## The problem:
Each of the lines below must be restated exactly.

## Extracted information:

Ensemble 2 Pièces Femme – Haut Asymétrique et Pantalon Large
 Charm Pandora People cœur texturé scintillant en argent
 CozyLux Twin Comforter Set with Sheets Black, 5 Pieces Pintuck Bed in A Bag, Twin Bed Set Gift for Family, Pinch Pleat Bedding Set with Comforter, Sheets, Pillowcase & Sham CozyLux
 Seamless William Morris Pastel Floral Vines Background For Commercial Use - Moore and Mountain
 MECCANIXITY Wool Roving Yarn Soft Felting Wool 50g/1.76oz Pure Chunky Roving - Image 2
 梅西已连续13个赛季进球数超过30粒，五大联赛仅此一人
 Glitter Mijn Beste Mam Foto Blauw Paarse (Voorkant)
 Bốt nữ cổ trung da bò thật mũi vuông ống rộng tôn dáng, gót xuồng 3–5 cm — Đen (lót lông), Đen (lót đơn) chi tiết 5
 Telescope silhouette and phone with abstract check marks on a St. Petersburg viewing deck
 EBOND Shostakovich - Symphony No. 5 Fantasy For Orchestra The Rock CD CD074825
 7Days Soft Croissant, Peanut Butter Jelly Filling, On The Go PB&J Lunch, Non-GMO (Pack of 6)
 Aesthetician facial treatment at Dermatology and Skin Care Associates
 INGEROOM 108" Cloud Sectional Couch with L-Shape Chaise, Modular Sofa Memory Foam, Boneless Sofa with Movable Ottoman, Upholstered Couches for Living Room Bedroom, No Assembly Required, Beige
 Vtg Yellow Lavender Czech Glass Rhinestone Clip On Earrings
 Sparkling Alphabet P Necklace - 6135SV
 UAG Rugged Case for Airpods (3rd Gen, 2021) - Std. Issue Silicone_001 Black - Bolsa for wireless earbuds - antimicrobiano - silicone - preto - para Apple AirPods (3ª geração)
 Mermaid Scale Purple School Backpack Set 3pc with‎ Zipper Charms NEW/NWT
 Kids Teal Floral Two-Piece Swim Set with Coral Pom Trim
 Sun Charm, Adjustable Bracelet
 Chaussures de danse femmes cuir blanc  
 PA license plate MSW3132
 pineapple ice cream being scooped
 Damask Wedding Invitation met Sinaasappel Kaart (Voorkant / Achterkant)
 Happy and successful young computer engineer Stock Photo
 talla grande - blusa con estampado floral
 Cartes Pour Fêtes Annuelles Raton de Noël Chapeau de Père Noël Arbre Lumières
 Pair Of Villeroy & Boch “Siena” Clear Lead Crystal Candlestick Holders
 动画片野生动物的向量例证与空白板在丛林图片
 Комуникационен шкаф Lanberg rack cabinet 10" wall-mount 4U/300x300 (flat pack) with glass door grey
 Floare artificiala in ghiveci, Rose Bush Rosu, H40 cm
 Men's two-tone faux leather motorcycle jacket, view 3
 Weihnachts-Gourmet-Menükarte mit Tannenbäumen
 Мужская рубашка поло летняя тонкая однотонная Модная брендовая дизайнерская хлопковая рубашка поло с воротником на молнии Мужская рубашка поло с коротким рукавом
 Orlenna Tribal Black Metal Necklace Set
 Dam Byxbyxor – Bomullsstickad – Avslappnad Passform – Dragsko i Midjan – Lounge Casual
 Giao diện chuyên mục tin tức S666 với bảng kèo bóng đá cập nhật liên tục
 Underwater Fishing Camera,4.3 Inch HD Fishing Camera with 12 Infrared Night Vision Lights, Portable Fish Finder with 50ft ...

## Response:
Ensemble 2 Pièces Femme – Haut Asymétrique et Pantalon Large
 Charm Pandora People cœur texturé scintillant en argent
 CozyLux Twin Comforter Set with Sheets Black, 5 Pieces Pintuck Bed in A Bag, Twin Bed Set Gift for Family, Pinch Pleat Bedding Set with Comforter, Sheets, Pillowcase & Sham CozyLux
 Seamless William Morris Pastel Floral Vines Background For Commercial Use - Moore and Mountain
 MECCANIXITY Wool Roving Yarn Soft Felting Wool 50g/1.76oz Pure Chunky Roving - Image 2
 梅西已连续13个赛季进球数超过30粒，五大联赛仅此一人
 Glitter Mijn Beste Mam Foto Blauw Paarse (Voorkant)
 Bốt nữ cổ trung da bò thật mũi vuông ống rộng tôn dáng, gót xuồng 3–5 cm — Đen (lót lông), Đen (lót đơn) chi tiết 5
 Telescope silhouette and phone with abstract check marks on a St. Petersburg viewing deck
 EBOND Shostakovich - Symphony No. 5 Fantasy For Orchestra The Rock CD CD074825
 7Days Soft Croissant, Peanut Butter Jelly Filling, On The Go PB&J Lunch, Non-GMO (Pack of 6)
 Aesthetician facial treatment at Dermatology and Skin Care Associates
 INGEROOM 108" Cloud Sectional Couch with L-Shape Chaise, Modular Sofa Memory Foam, Boneless Sofa with Movable Ottoman, Upholstered Couches for Living Room Bedroom, No Assembly Required, Beige
 Vtg Yellow Lavender Czech Glass Rhinestone Clip On Earrings
 Sparkling Alphabet P Necklace - 6135SV
 UAG Rugged Case for Airpods (3rd Gen, 2021) - Std. Issue Silicone_001 Black - Bolsa for wireless earbuds - antimicrobiano - silicone - preto - para Apple AirPods (3ª geração)
 Mermaid Scale Purple School Backpack Set 3pc with‎ Zipper Charms NEW/NWT
 Kids Teal Floral Two-Piece Swim Set with Coral Pom Trim
 Sun Charm, Adjustable Bracelet
 Chaussures de danse femmes cuir blanc  
 PA license plate MSW3132
 pineapple ice cream being scooped
 Damask Wedding Invitation met Sinaasappel Kaart (Voorkant / Achterkant)
 Happy and successful young computer engineer Stock Photo
 talla grande - blusa con estampado floral
 Cartes Pour Fêtes Annuelles Raton de Noël Chapeau de Père Noël Arbre Lumières
 Pair Of Villeroy & Boch “Siena” Clear Lead Crystal Candlestick Holders
 动画片野生动物的向量例证与空白板在丛林图片
 Комуникационен шкаф Lanberg rack cabinet 10" wall-mount 4U/300x300 (flat pack) with glass door grey
 Floare artificiala in ghiveci, Rose Bush Rosu, H40 cm
 Men's two-tone faux leather motorcycle jacket, view 3
 Weihnachts-Gourmet-Menükarte mit Tannenbäumen
 Мужская рубашка поло летняя тонкая однотонная Модная брендовая дизайнерская хлопковая рубашка поло с воротником на молнии Мужская рубашка поло с коротким рукавом
 Orlenna Tribal Black Metal Necklace Set
 Dam Byxbyxor – Bomullsstickad – Avslappnad Passform – Dragsko i Midjan – Lounge Casual
 Giao diện chuyên mục tin tức S666 với bảng kèo bóng đá cập nhật liên tục
 Underwater Fishing Camera,4.3 Inch HD Fishing Camera with 12 Infrared Night Vision Lights, Portable Fish Finder with 50ft ...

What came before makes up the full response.